• **Try it**
For this exercise, return exactly the lines of the material below that begin at the one with "Waters 270172 Pressure Transducer used" and stop after the one with "carpet cleaning in the westchester, carpet".

• **Provided material**
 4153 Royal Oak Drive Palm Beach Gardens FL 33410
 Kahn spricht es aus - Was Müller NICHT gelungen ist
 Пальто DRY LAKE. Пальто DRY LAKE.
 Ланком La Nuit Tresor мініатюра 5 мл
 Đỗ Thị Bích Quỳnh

---

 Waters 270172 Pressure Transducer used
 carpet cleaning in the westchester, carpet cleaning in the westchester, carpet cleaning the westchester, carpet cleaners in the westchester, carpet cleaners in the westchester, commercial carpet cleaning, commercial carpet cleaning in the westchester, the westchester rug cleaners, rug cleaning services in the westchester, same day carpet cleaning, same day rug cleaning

• **Answer to this task**
 Waters 270172 Pressure Transducer used
 carpet cleaning in the westchester, carpet cleaning in the westchester, carpet cleaning the westchester, carpet cleaners in the westchester, carpet cleaners in the westchester, commercial carpet cleaning, commercial carpet cleaning in the westchester, the westchester rug cleaners, rug cleaning services in the westchester, same day carpet cleaning, same day rug cleaning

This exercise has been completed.